While 1.35 trillion rupees of the recapitalization plan will be bonds, Indian financial services secretary Rajiv Kumar said 760 billion will derive from budgetary support and equity insurance.
As one of the largest economies in Asia, India faced a three-year-low growth rate of 5.7 percent in the period from April to June this year.
The International Monetary Funds attributed the reason of the decline to a slowed growth momentum, which reflected “the lingering impact of the authorities’ currency exchange initiative as well as uncertainty related to the mid-year introduction of the country-wide Goods and Services Tax”. In its latest World Economic Outlook published, the IMF suggested that India enhances its corporate and banking sector as means for a strategic reform.
Modi’s Investors Service analyst Srikanth Vadlaman said that the plan would be a “significant credit positive” for India’s state-run banks, as it targets the credit sector of the banking system.
Most banks and investors hold a positive view of the recapitalization plan. “The government move was welcomed by everybody. Let’s see when the money comes in, how quick it comes in, and what the banks do with it,” said Andrew Holland, chief executive officer at Avendus Capital Alternate Strategies.
“These funds will help in efficiently managing risk and credit capital-related requirements of the banks,” State Bank of India Chairman Rajnish Kumar said.

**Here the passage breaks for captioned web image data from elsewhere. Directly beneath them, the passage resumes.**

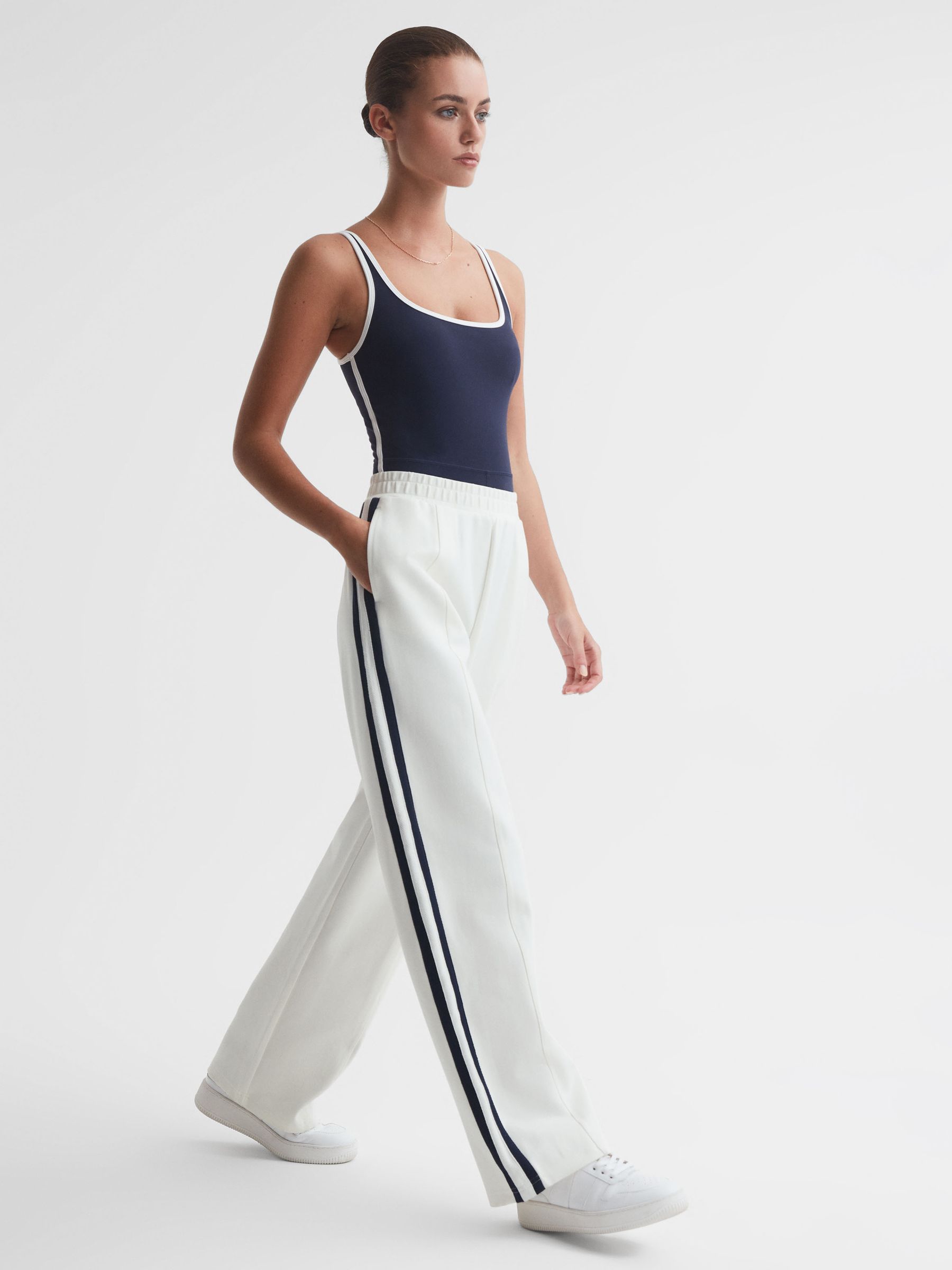 The Upside witte joggingbroek met zijstreep en wijde pijpen - Afbeelding 4 van 5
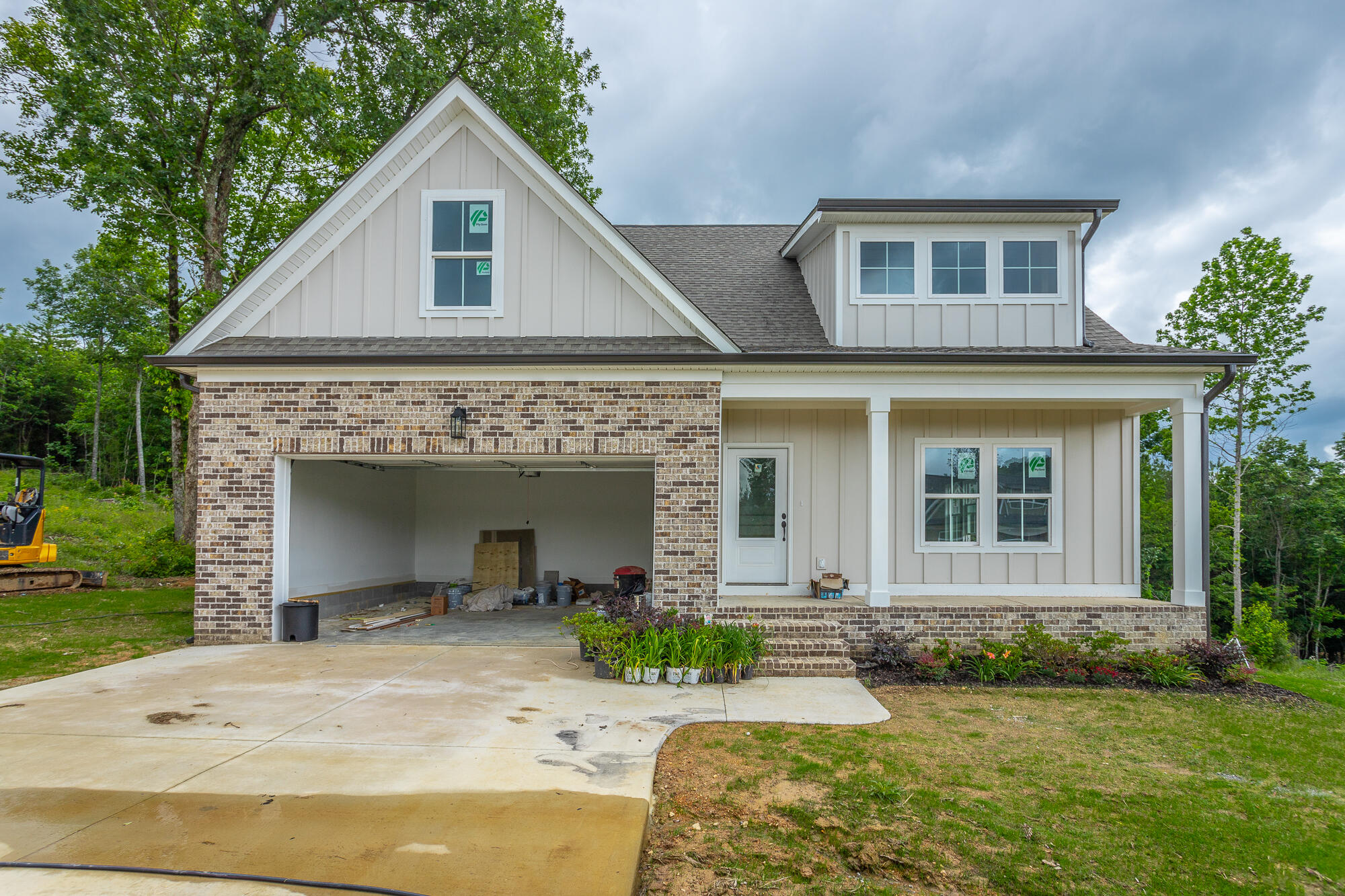130 Cascade Drive, Rossville, Georgia image 3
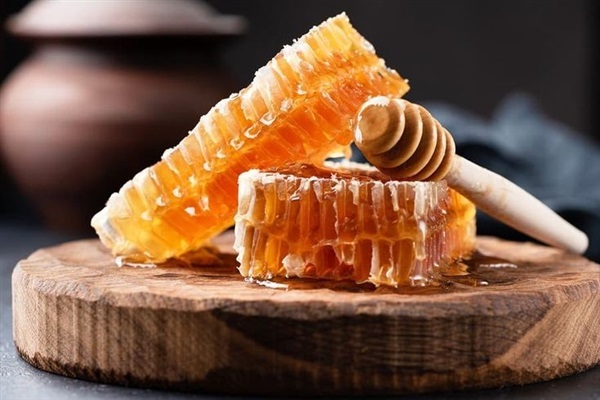 น้ำผึ้งป่า | ฺฺบ้านไร่ ภูกิติ - ด่านช้าง สุพรรณบุรี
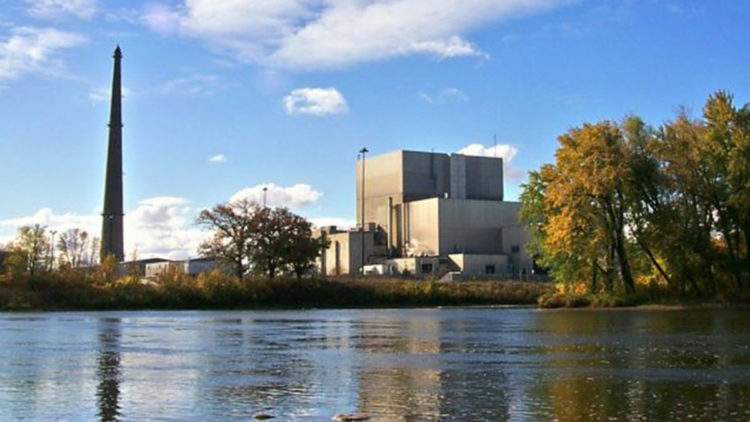 Radyoaktif su sızıntısı yapan santralde tehlike yok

The unveil of the plan had greatly influenced the Indian stock market. According to BSE Ltd, the benchmark BSE gained 2.4 percent this week, along with Sensex adding 0.03 percent. The state-run banks experienced great variation as well: the State Bank of India (500112.IN) gained 17.55% as Punjab National Bank (532461.IN) was up by 31%.
More than two thirds of India’s banking assets are accounted by the twenty one state-run banks. The government expects to repair its banking balance sheets through the recapitalization plan.However, to successfully revive its economy, Indian banks need billions of dollars in new capital to meet global Basel III banking rules by March 2019.
Based on the assessment of the Indian banking sector’s capitalization, Fitch Ratings had a negative outlook on the banks. It estimates that a $65 billion of additional capital will be needed to the Indian banking sector in order to meet the Basel III global banking rules by March 2019.